Data listing: Begin

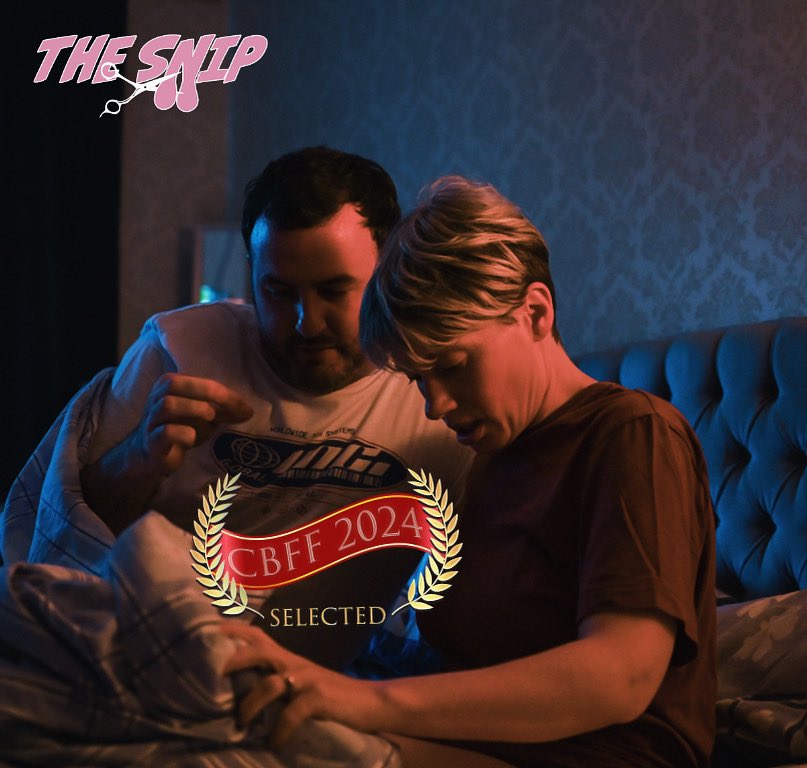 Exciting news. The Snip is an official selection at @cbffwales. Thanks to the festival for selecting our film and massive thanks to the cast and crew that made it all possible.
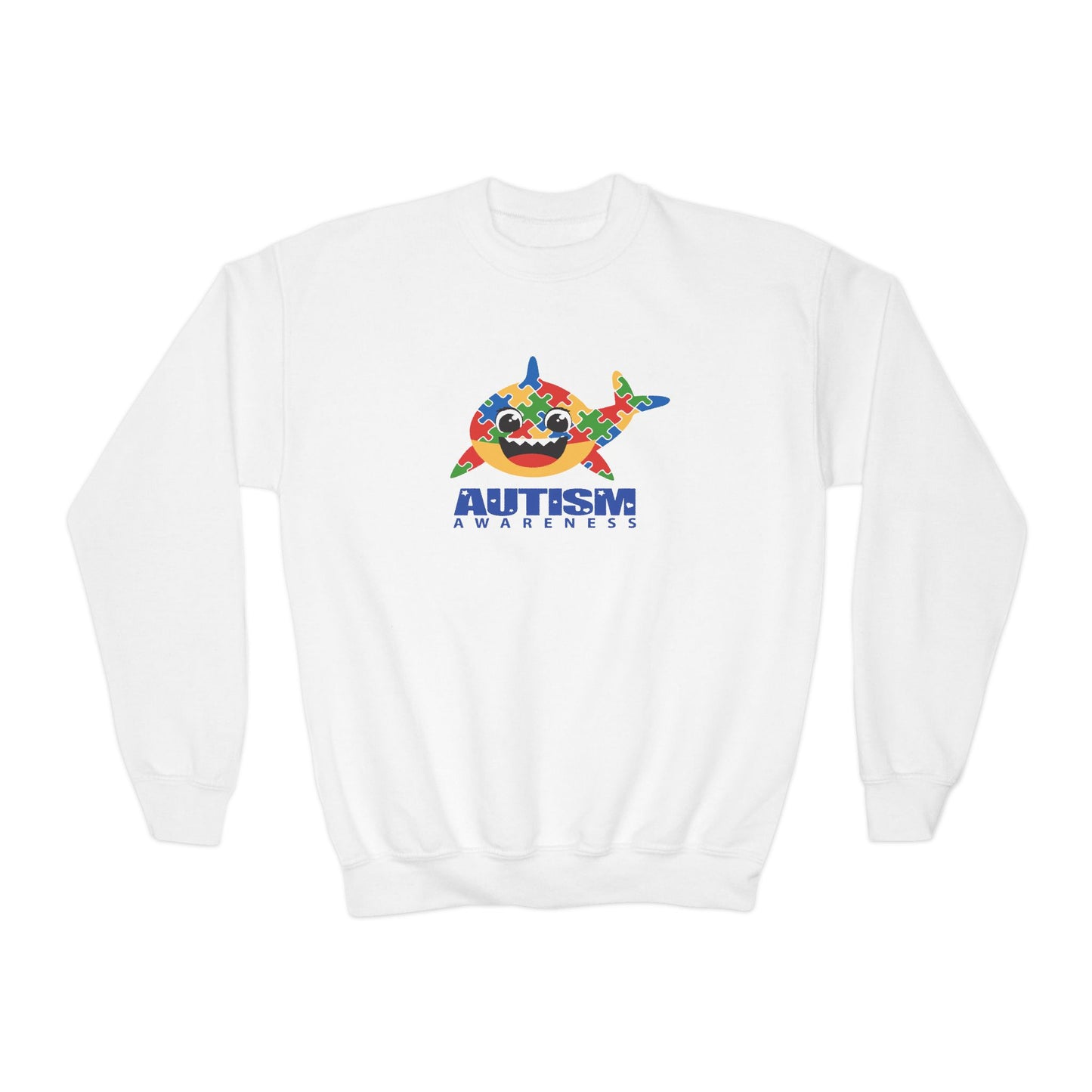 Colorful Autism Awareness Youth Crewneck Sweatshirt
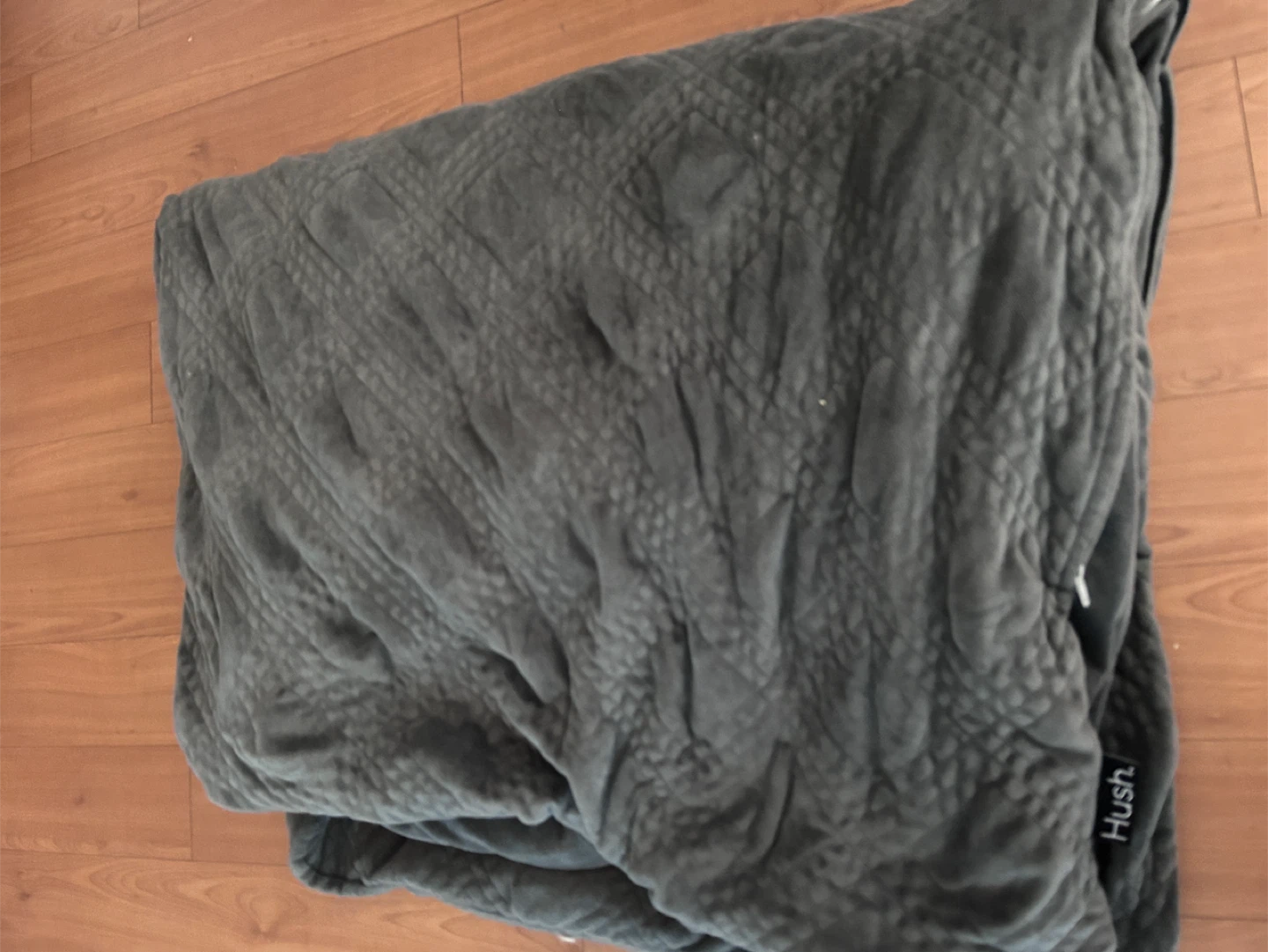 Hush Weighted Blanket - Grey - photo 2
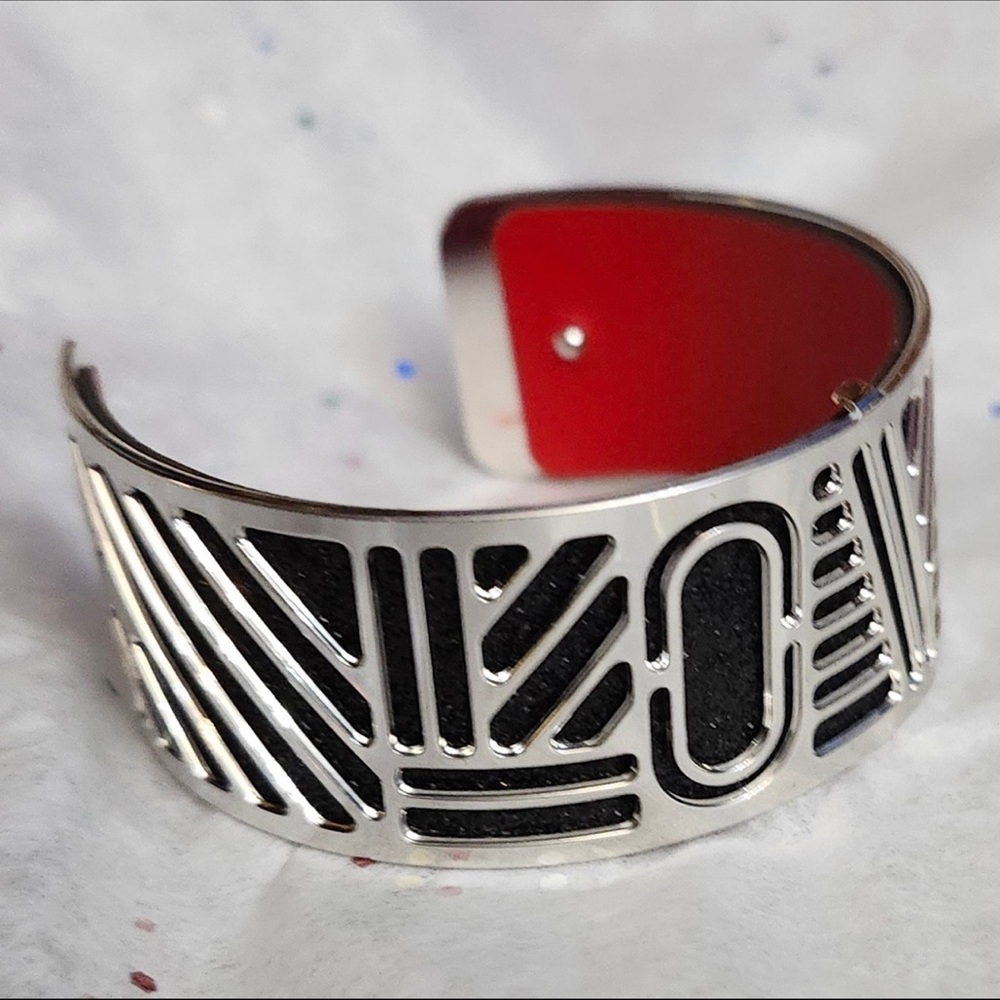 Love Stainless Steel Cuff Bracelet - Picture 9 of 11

Data listing: End
Data listing: Begin

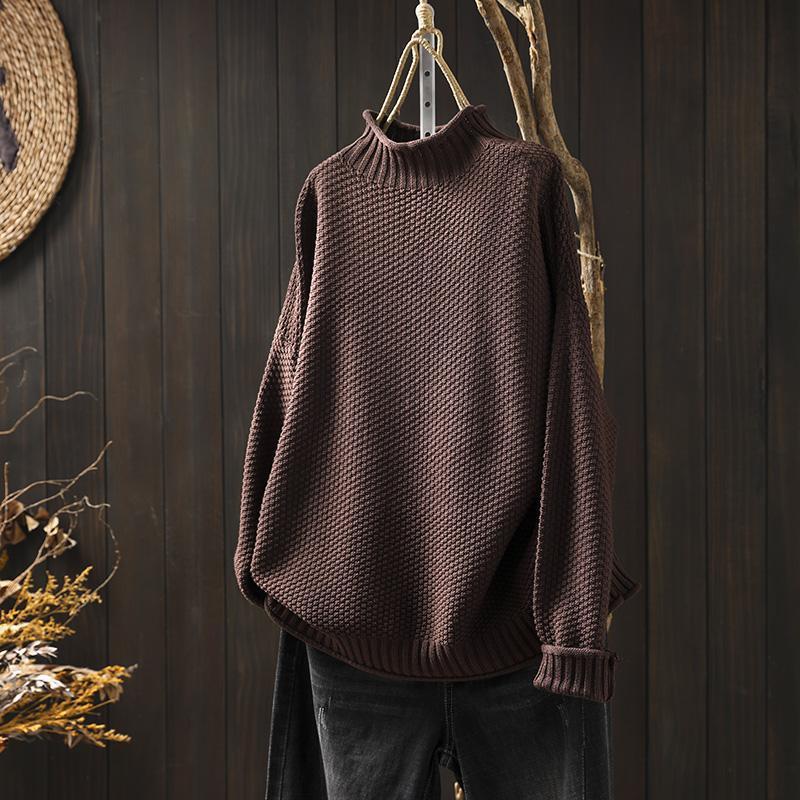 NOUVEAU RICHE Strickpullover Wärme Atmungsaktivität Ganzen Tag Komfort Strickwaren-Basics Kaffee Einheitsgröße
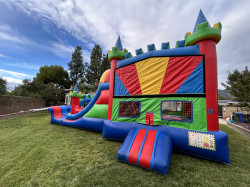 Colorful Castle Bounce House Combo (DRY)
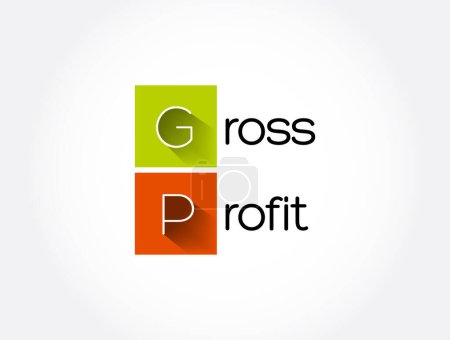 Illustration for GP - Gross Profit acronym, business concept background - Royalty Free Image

Data listing: End
Data listing: Begin

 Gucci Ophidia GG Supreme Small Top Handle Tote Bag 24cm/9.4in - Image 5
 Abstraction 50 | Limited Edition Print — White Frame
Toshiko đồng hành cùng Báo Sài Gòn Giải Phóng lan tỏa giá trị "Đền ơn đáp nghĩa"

Data listing: End

What to produce: Of the records above, print only the lines from the one containing "Hush Weighted Blanket - Grey - photo 2" through the one containing "Love Stainless Steel", inclusive and unaltered, leaving out pictures.

Reply to the task:
 Hush Weighted Blanket - Grey - photo 2
 Love Stainless Steel Cuff Bracelet - Picture 9 of 11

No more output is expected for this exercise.